Orduspor ve onun ayarında olan takımlarınızın başkan ya-da yöneticilerinin birçoğu hep büyük bir takımın kongre üyesidir.
Hal böyle olunca halk İstanbul takımlarına daha çok ilgi duymakta.
Sen, önce sen yönetici olarak bütün her şeyinle takımınla olacaksın ki, taraftarın seninle yürüsün o önüne koyduğun hedef doğrultusunda.
Sivasspor şampiyon olamadıysa işte bu yüzden, Bursaspor şampiyon olduğuysa işte bu yüzden şampiyon olmuştur….
Bunlarda bence başarısızlığı getiren ana faktörden biridir.
Sebepler çok, fakat sonuç tek: Orduspor maalesef seneye bizimle değil.
Sevgili başkanın ‘’ Şampiyonluk hiçte hayal değil söyleminin bugün havada kalmamasını özelikle diliyorum, evet başkanım şampiyonluk bence de hayal olmasın. Çünkü seneye şampiyon olma şansınız var ve süper lige yeniden gelmek için tekrar şampiyon olmanız gerekiyor , yani yeni liginizde ‘’…
Orduspor’a üzülürken, bir diğer Karadeniz ekibi Rizespor’un sezon içindeki Mustafa Denizli ile aldığı aksiyon o kadar doğru ve yerinde bir hamleydi ki, hem bölge için hem de sevgili Rizeliler için tam yerine manzara oldu diyebiliriz.

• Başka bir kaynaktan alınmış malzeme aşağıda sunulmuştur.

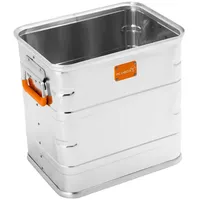 AluBox Transportkiste Lagerbox ABX-U40-31 Liter - L 39 x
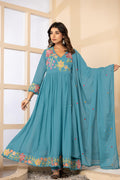 Mul Cotton Anarkali Suits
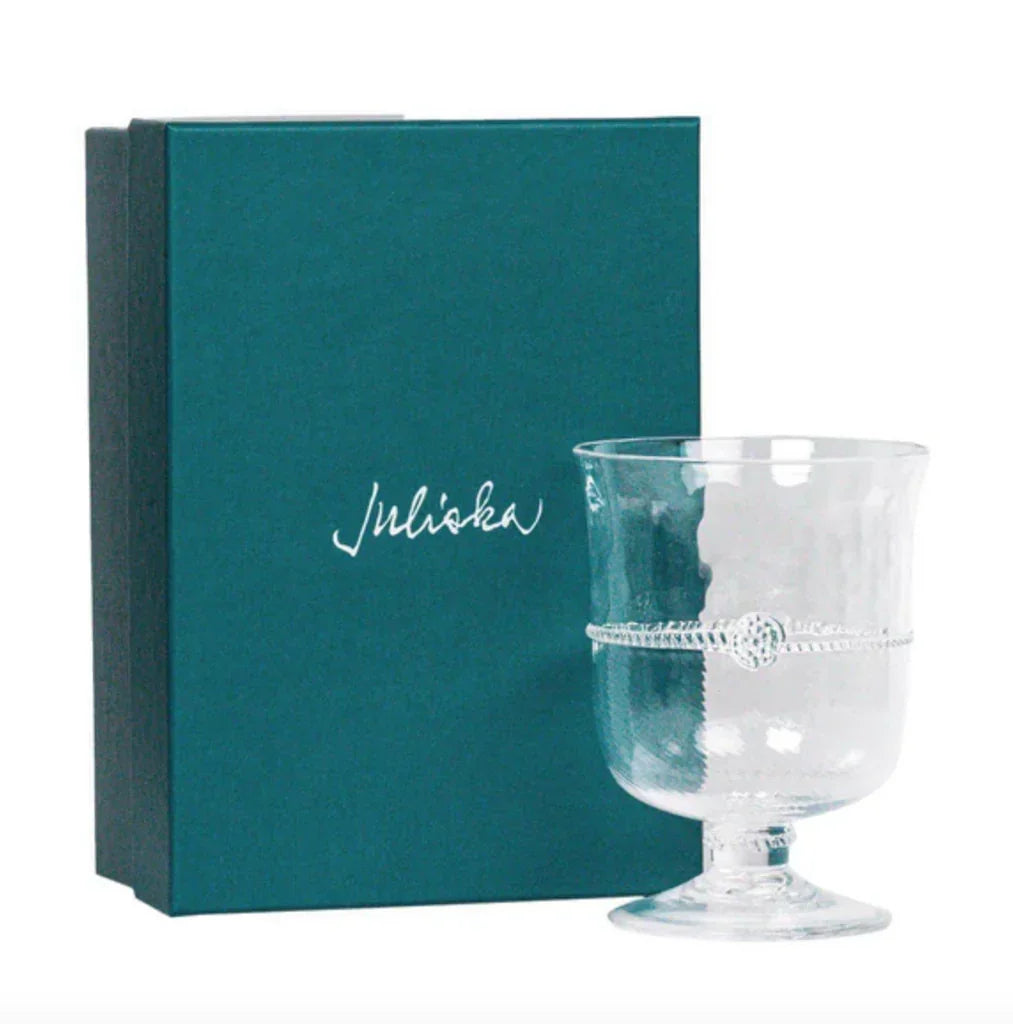 Juliska Graham 5" Hurricane - Marcel’s Culinary Experience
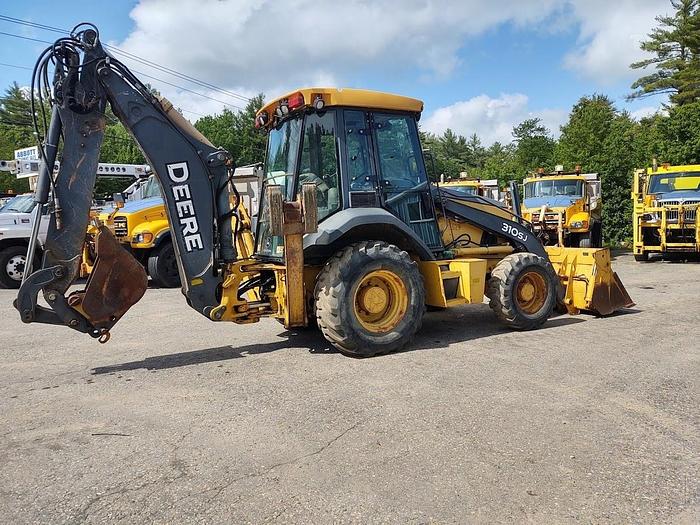 Used 2009 JOHN DEERE 310SJ - BACKHOES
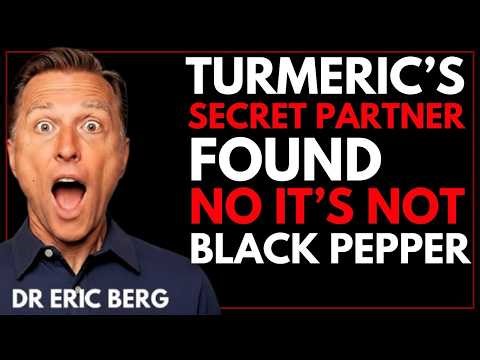 Add THIS To Turmeric To Kill Inflammation Not Black Pepper Boost Turmeric Power Naturally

Rize Ordu’nun yaptığının bir benzeri hamleye karar verirken, Mustafa Denizli’nin plan ve projelerine dair anında somut adımlar atmasının semeresini bugün haklı olarak almayı sonuna kadar hak ettiler.
Oysa bir tarafta Ordu, bir tarafta Rize, ortada Trabzon ile Karadeniz futbolu bambaşka bir denge olacaktı Süper lig’de…

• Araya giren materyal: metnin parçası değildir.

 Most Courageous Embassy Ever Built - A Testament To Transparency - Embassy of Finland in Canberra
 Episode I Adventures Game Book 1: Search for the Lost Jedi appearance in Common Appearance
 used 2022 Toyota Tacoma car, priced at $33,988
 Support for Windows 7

Yarın Samsun, öbür gün Giresun bu dengenin içindeki en elzem unsurlar olacaktı!
Sevgili dostlar, lafı döndürmek, birçok sebepleri burada sıralamak işin en kolayı.
Yıllardır futbol üzerinden Trabzonspor’un ağabeyliğini hiçe saymak, şu son tabloda gördüğümüz üzere kimseye bir yarar sağlamıyor.
Oysa Trabzonspor mazisiyle büyük olmayı ve kendisine saygı duyulmayı öyle hak ediyor ki, onun onurlu duruşu bütün bölge ve bütün FUTBOL DÜNYAMIZ için büyük bir şanstır.
Onun kudretli dallarının altında gölgelenenler, bir gün bulutları daha kolay elde edeceklerini sakın unutmamalıdırlar…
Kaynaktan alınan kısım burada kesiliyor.